Картина Павла Филонова «Первая симфония Шостаковича»

Драматический накал в четвертой части достигает предела. Глазунов организовал премьеру симфонии, которая прошла успешно. Два этих начала не борются друг с другом (невозможно), не сосуществуют, но длятся параллельно друг другу — как гигантский рисованный задник и тысячи лилипутов, застывших в нелепых позах. Точнее, после гуаши: Шостакович — это же гуашь. Если романтика (Бетховен, Чайковский etc. ) помогают лучше чувствовать, Шостакович дает возможность для полета мысли. Именно вот таким образом их нельзя понять, вычислить, оприходовать.

Смерть крадется к нам по дымоходу, смерть царапает стекла иглой. Неожиданно традиционное звучание смычковых (сфокусированное, прописанное, широкое, густое), прореженных трубными звуками (потом они сольются, обрамленные барабанами и колючей проволокой альтов). Людей неинтересных в мире нет, / их судьбы — как истории планет.

Павел Филонов «Первая 
симфония Шостаковича»

Павел Филонов «Первая симфония Шостаковича»

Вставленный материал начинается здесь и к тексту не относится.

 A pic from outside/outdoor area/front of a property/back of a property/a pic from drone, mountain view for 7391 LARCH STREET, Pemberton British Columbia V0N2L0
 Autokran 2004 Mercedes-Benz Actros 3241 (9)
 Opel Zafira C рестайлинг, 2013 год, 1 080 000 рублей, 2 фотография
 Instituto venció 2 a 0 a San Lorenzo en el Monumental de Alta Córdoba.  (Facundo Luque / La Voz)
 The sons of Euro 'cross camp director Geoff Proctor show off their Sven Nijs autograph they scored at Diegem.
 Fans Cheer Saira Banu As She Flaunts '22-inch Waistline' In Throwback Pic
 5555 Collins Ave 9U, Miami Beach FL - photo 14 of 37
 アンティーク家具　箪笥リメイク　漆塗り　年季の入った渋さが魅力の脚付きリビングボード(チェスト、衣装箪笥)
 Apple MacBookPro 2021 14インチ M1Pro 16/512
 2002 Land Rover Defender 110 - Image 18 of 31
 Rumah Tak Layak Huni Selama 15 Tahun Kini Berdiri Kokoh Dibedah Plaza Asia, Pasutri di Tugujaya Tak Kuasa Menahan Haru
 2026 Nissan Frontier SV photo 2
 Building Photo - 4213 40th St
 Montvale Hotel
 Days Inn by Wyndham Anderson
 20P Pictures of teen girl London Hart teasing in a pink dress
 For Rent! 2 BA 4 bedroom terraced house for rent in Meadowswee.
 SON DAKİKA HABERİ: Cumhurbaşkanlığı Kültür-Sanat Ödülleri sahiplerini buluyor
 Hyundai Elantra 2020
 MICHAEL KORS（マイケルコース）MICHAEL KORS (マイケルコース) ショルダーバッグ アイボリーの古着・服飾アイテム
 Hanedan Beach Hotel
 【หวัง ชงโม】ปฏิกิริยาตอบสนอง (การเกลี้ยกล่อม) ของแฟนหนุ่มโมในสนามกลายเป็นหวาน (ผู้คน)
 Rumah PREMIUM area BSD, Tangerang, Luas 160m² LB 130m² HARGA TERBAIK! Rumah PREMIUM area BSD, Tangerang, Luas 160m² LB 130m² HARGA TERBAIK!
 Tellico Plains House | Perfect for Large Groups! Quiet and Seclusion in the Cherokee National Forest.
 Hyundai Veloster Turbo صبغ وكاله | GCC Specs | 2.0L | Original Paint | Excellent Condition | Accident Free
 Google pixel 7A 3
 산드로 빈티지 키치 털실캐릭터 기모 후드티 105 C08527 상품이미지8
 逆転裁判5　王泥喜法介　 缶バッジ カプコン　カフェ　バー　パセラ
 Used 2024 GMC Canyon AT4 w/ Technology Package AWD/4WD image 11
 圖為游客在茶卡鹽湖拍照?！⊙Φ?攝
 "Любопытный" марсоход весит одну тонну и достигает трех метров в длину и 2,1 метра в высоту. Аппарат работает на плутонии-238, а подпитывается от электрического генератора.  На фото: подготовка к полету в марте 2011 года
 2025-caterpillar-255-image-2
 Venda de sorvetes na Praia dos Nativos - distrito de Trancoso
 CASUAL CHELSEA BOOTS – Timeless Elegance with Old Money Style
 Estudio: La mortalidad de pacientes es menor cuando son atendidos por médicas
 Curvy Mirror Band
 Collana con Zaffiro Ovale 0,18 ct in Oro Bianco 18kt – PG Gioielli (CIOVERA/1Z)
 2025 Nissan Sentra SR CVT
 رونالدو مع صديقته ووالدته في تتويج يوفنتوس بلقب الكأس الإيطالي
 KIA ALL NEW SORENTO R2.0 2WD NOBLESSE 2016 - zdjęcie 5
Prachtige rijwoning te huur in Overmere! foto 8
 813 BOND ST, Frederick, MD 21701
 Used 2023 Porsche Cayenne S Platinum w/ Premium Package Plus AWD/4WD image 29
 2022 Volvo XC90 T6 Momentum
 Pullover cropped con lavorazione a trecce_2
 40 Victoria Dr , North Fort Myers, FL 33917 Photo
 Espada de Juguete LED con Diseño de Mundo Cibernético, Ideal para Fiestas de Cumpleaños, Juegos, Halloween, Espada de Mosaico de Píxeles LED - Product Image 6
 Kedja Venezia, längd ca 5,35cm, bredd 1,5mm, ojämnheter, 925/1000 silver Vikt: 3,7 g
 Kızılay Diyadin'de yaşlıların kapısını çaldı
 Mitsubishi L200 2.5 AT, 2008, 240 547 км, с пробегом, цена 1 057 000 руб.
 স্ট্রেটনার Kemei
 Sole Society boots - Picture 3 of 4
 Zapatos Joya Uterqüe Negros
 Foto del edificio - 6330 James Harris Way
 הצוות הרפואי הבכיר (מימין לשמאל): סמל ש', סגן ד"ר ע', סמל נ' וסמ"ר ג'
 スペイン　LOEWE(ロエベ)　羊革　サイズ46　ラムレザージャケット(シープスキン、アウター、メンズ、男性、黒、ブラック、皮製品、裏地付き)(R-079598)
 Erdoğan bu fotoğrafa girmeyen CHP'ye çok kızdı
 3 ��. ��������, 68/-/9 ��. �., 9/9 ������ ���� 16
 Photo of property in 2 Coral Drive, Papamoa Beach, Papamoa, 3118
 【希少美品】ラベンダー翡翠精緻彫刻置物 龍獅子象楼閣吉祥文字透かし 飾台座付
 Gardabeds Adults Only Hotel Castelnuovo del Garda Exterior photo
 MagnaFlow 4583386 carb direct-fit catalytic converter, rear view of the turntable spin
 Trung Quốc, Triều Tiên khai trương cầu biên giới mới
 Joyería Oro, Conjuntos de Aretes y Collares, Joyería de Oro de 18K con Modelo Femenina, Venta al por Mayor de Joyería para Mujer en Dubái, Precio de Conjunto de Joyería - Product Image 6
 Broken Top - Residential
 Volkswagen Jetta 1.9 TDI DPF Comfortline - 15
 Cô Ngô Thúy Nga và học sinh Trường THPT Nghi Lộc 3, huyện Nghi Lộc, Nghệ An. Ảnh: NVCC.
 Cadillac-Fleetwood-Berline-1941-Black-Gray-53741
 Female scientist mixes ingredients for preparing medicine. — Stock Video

Это была совсем не та спокойная беззаботная жизнь, которая окружала молодого Пушкина в Лицее. Соляные столбы, вырастающие на раз. Традиционный музыкальный хронотоп подвешен на веревки. Хоть какие-то сюжеты, смыслы, цель. Вторая часть галопом срывается с места и мчит куда-то, подпрыгивая на кочках и ухабах, деловая, энергичная, мгновенно вспыхивающая и прогорающая, а вот третья входит тихо, на цыпочках, как лиса. В основе филоновских живописных трудов – тщательная прорисовка и пропись «микрочастиц» из «первоначал».

Раскатистые трещины раз от раза напоминают эмблематичный марш из Седьмой, Ленинградской. И пусть буклет говорит нам о реквиеме: здесь нет людей (так как нет кривляющихся и дразнящихся звуков), ни живых, ни мертвых, мертвые уже давно истлели, смешались с глиной, мал мала. Все о нем, все о Гегеле моя дума дворянская. Вихри враждебные веют над нами: контрреволюция собственного тела (верхи не могут, низы не хотят), отказывающегося повиноваться временному правительству искусственного разума. Он жив только в процессе, только внутри интенции — тонкого лучика, ощупывающего мглу.

Описание картины 
«Первая симфония 
Шостаковича»

Описание картины «Первая симфония Шостаковича»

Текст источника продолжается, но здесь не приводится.